#### [Task details]
A complete, word-for-word restatement of the entries is needed.

[Records — start]

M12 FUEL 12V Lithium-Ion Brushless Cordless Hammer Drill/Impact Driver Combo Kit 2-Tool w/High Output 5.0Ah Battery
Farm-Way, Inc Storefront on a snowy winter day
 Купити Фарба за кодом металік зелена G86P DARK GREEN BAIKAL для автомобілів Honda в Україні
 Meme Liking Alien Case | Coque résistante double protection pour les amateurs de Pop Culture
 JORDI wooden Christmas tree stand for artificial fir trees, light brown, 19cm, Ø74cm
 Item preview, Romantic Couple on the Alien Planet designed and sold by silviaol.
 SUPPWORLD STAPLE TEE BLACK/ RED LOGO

[Records — finish]

#### [Result of this task]
M12 FUEL 12V Lithium-Ion Brushless Cordless Hammer Drill/Impact Driver Combo Kit 2-Tool w/High Output 5.0Ah Battery
Farm-Way, Inc Storefront on a snowy winter day
 Купити Фарба за кодом металік зелена G86P DARK GREEN BAIKAL для автомобілів Honda в Україні
 Meme Liking Alien Case | Coque résistante double protection pour les amateurs de Pop Culture
 JORDI wooden Christmas tree stand for artificial fir trees, light brown, 19cm, Ø74cm
 Item preview, Romantic Couple on the Alien Planet designed and sold by silviaol.
 SUPPWORLD STAPLE TEE BLACK/ RED LOGO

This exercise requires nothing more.